The consumer packaged goods industry has seen its revenues continue to increase throughout the financial crisis, but margins fell sharply and even with much of the world recovering it won’t be easy for CPG firms to cash in on that growth.

“Given that global CPG companies are selling more of their products to more people in more parts of the world, shouldn’t revenue growth—and, with it, healthy returns—be theirs for the taking?” write McKinsey & Co analysts Jim Brennan, Greg Kelly, and Anne Martinez.

The CPG industry has gone through four distinct phases over the last five decades: a period of strong growth at the expense of margins, a period of expanding margins, a wave of mergers and acquisitions, and then the slow growth and falling margins of the great recession.

CPG

Future of the CPG industry far from clear

The question is what the next phase of the CPG industry will look like. “Another golden age of growth could be in the making.

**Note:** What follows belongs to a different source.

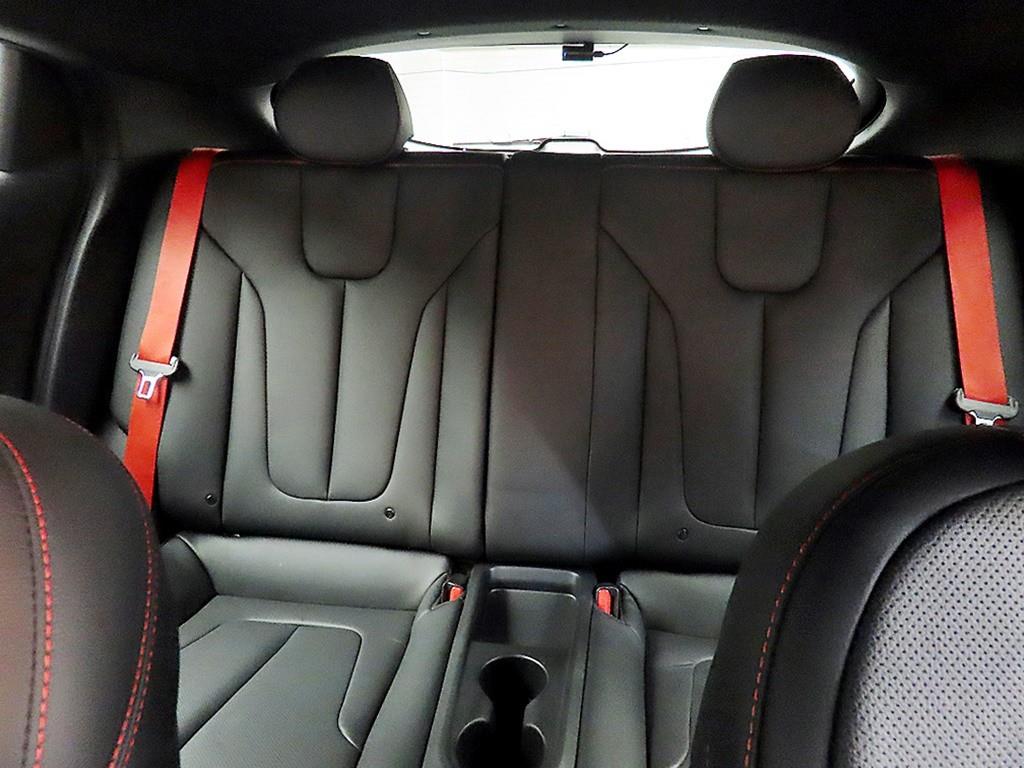 HYUNDAI Veloster - Vista 6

Consumption growth, however, isn’t even; it’s happening much faster in certain categories and markets. Some emerging-market cities have higher growth potential than entire countries,” they write.

Even in developed countries there are pockets of growth that outpace EM markets, like the Hispanic community in the US that Colgate-Palmolive Company (NYSE:CL) is targeting with new product lines or the value segment that remains popular even as the economy recovers. But regardless of whether a company tries to branch out into high growth markets or settles for stable returns in familiar territory, it will need to be ready to deal with rising commodity prices.

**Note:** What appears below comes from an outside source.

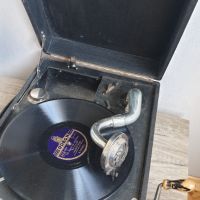 Стар френски грамофон с манивела, снимка 7 - Антикварни и старинни предмети - 45127449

Commodity price risk threatens margins

“The spike in commodity prices in the past 10 years has undone the decline of the previous 100 years,” write Brennan, Kelly, and Martinez. “Every CPG company must undertake a rigorous risk analysis—including an assessment of tail risks—for major commodities across its entire supply chain.”

Some companies are responding to the pressure that commodity risk puts on margins through new collaborations. The analysts identify 13 deals among Brazilian companies worth more than $500 million each, seven such deals in China, and another seven in Mexico, not to mention 51 deals of that size in the US. But CPG companies are also having to substitute ingredients, increase reliance on recycled goods, or even eliminate product lines because they simply have too much exposure to commodities with a constrained supply.

“CPG companies must prepare for continuing volatility in commodity costs,” they conclude. “The standard deviation of the McKinsey Global Institute (MGI) commodity-price index is more than twice its historical average.”